INFORMATION

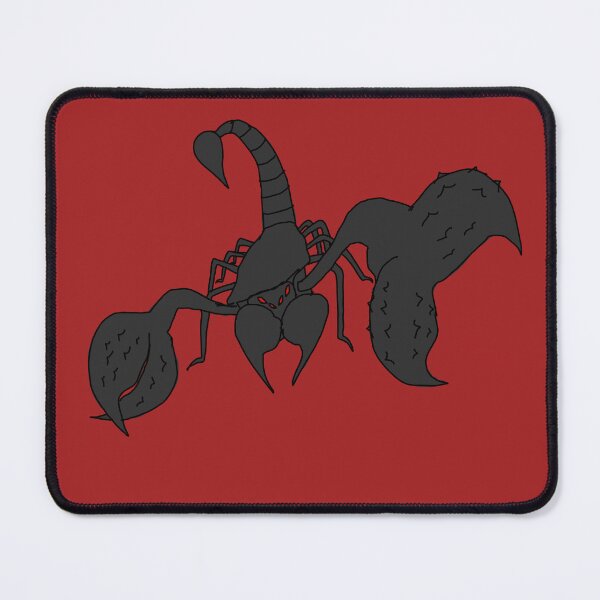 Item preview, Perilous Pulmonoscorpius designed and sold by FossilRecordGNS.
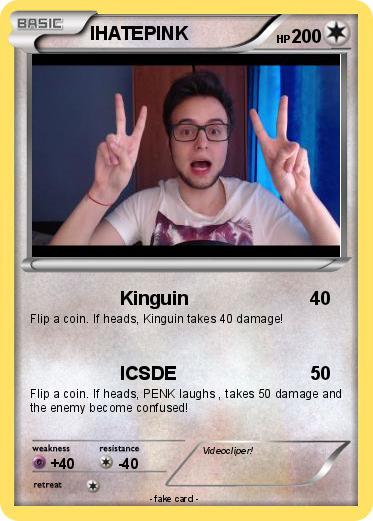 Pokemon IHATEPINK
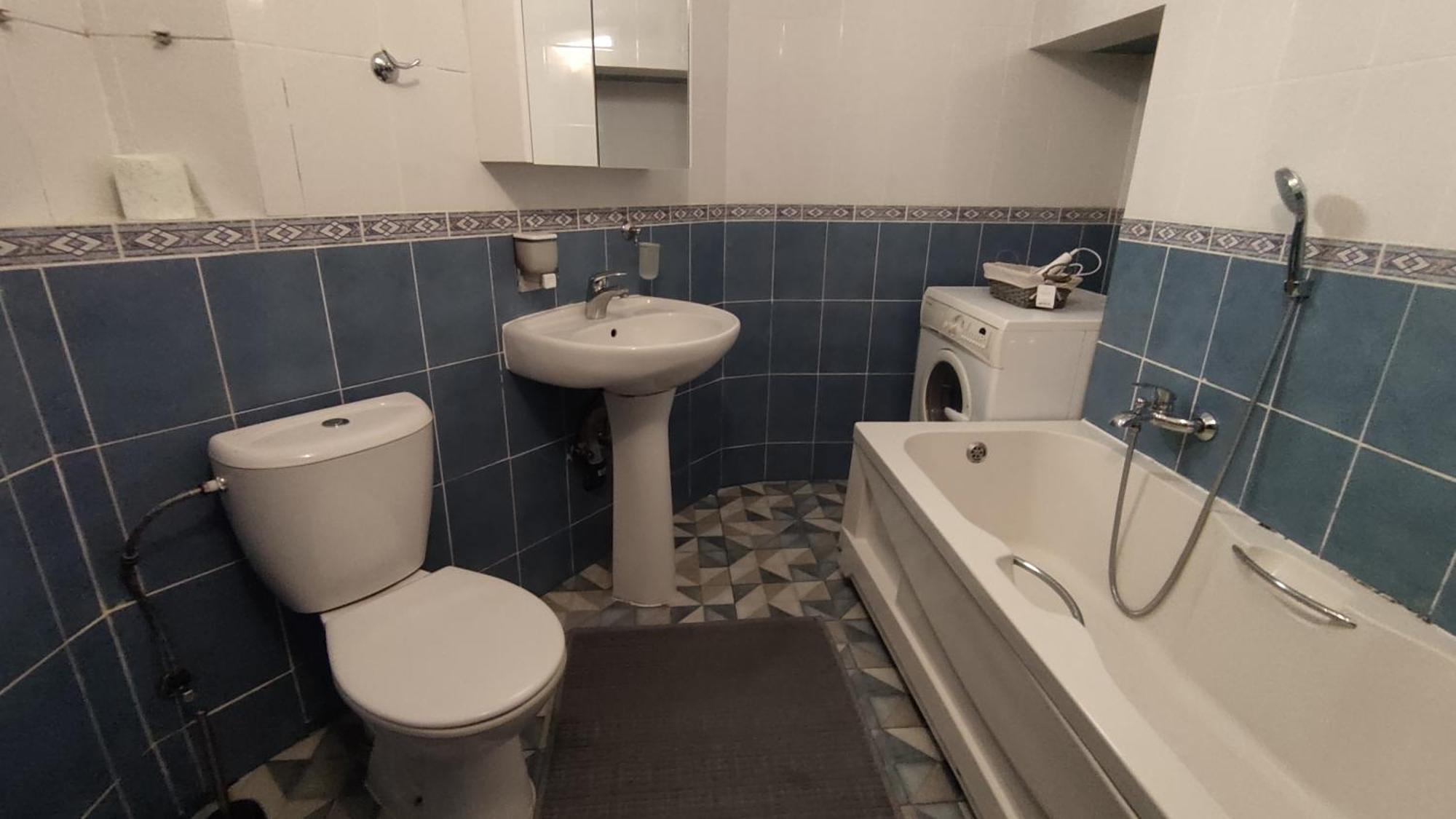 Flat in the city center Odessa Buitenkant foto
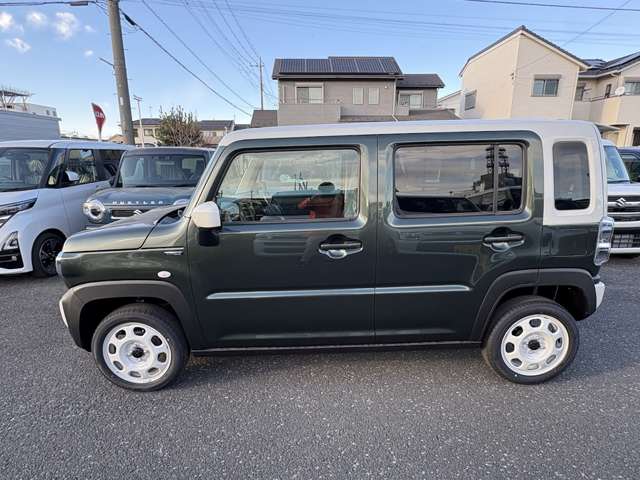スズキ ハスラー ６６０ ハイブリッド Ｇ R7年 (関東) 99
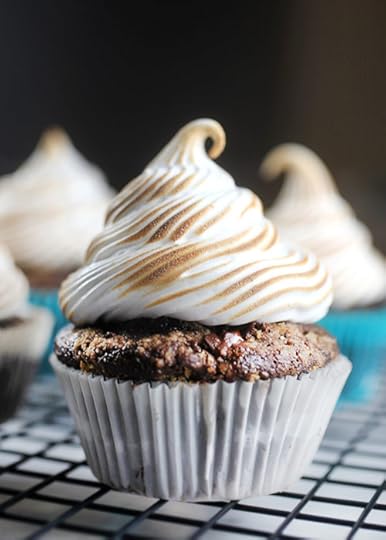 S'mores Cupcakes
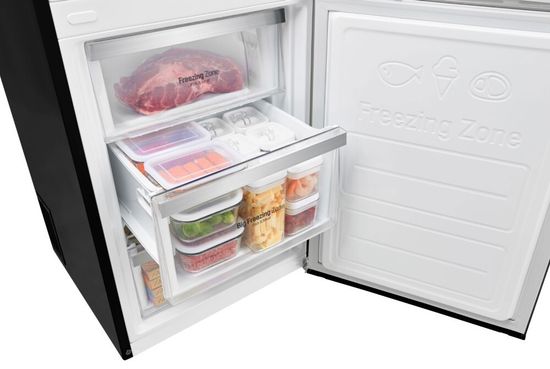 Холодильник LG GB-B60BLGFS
==
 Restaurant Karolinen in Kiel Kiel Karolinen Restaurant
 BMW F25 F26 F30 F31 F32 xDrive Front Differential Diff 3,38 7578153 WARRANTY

ABOUT THIS EXERCISE
Within the listing above, the lines starting at the one containing "Item preview, Perilous" and ending at the one containing "Холодильник LG GB-B60BLGFS" are to be returned exactly. Omit the pictures.

RESULT FOR THIS EXERCISE
 Item preview, Perilous Pulmonoscorpius designed and sold by FossilRecordGNS.
 Pokemon IHATEPINK
 Flat in the city center Odessa Buitenkant foto
スズキ ハスラー ６６０ ハイブリッド Ｇ R7年 (関東) 99
 S'mores Cupcakes
 Холодильник LG GB-B60BLGFS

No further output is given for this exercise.